> _Task requirements_
Beneath this line is the data. Output exactly the lines from the line with "Vintage metal thimble" to the line with "Gendarmeria decomisando el", both ends included, and nothing more.

> _Available data_
——————

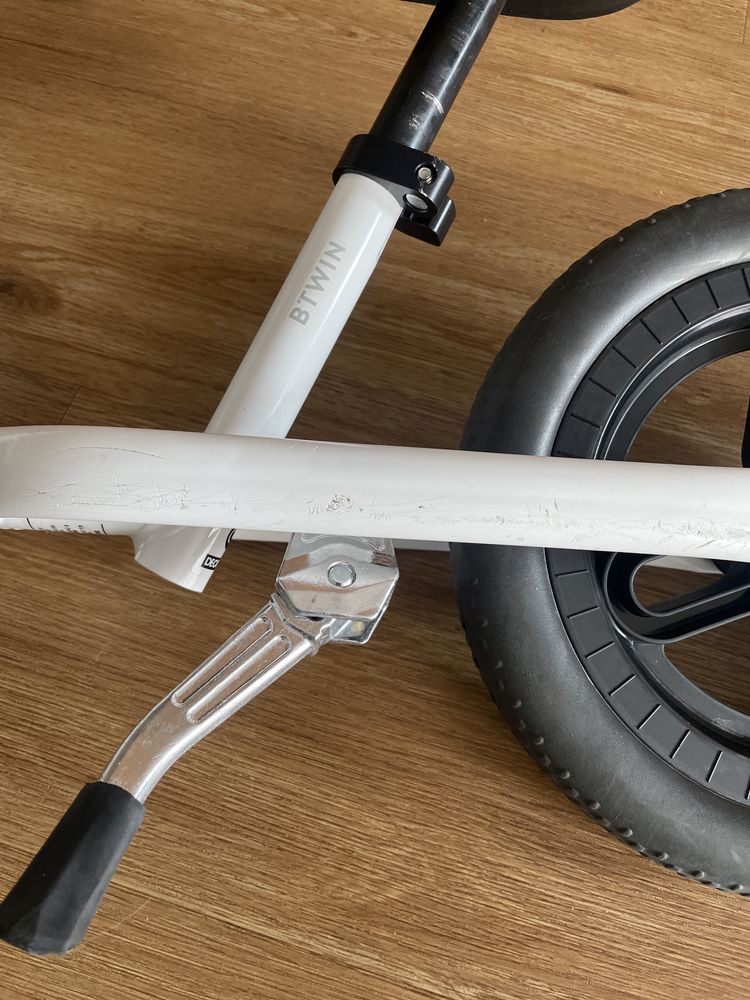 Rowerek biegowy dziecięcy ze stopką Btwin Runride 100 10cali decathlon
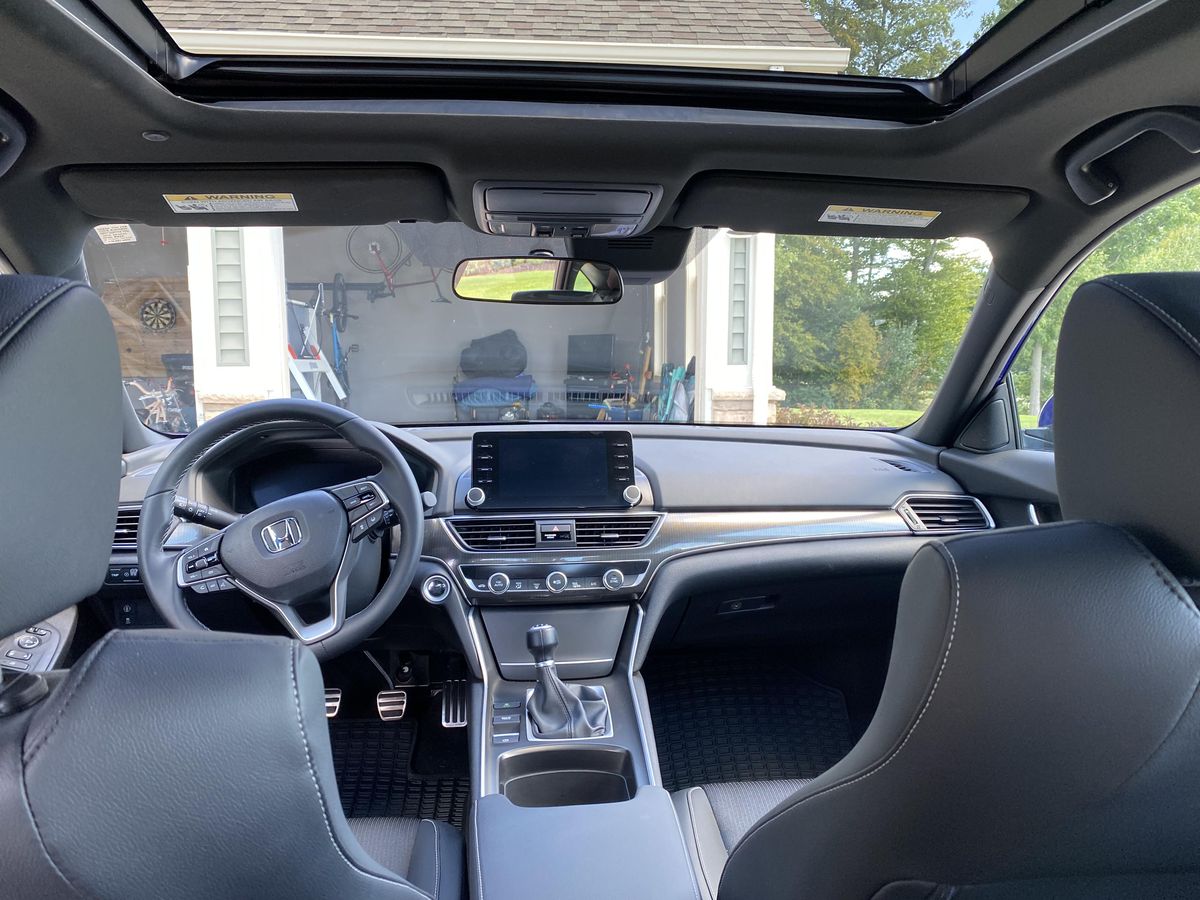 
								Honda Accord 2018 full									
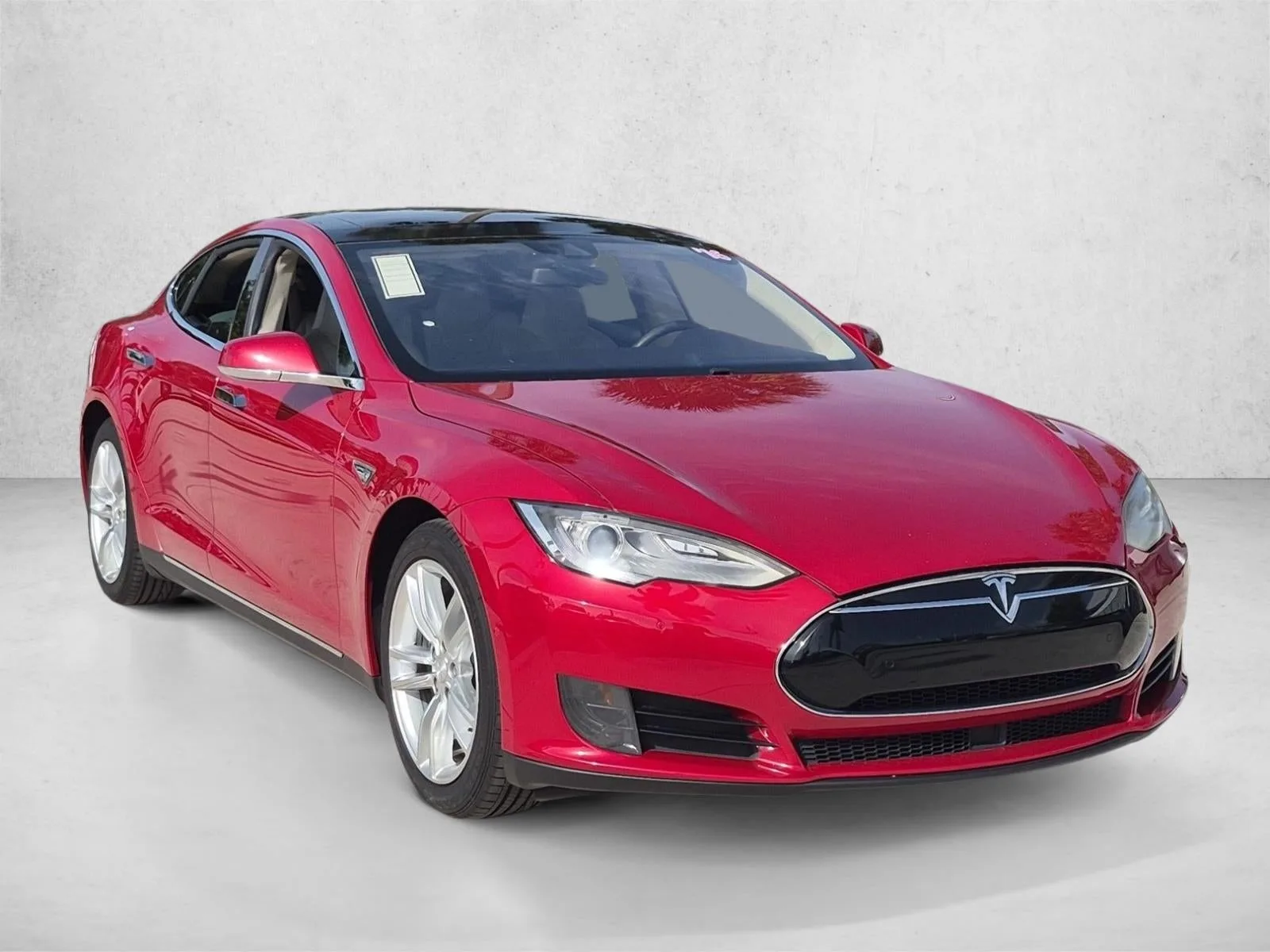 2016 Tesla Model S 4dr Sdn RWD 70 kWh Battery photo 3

——————

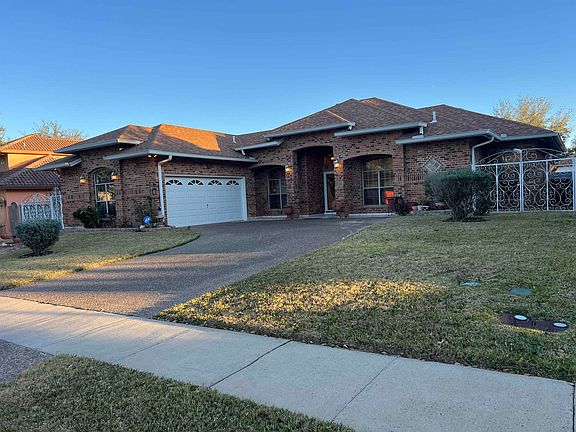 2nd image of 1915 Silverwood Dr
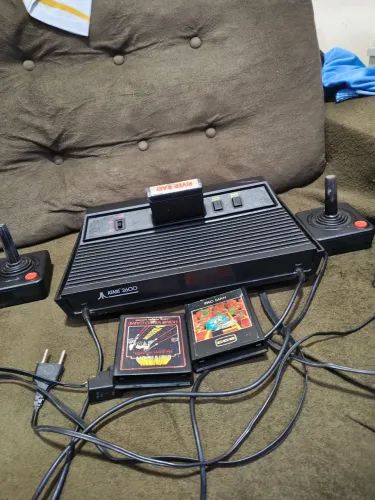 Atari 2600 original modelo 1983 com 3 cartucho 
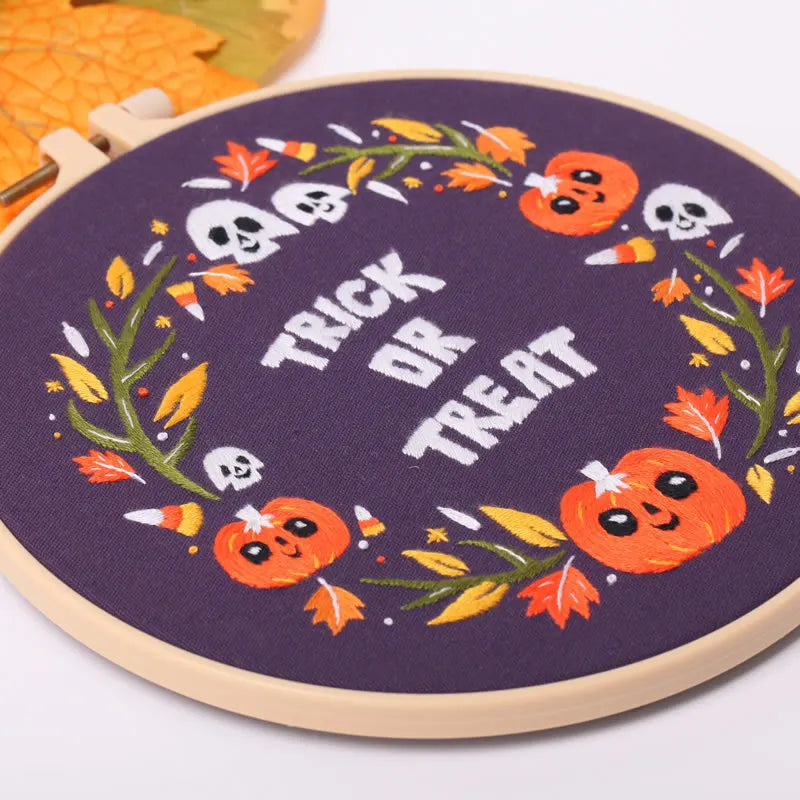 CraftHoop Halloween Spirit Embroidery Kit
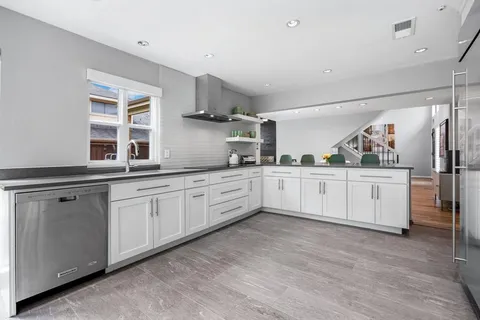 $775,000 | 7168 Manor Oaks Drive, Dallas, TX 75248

——————

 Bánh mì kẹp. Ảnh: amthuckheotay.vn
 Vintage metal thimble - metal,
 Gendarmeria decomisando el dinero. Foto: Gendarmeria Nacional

——————

> _Exercise result_
 Vintage metal thimble - metal,
 Gendarmeria decomisando el dinero. Foto: Gendarmeria Nacional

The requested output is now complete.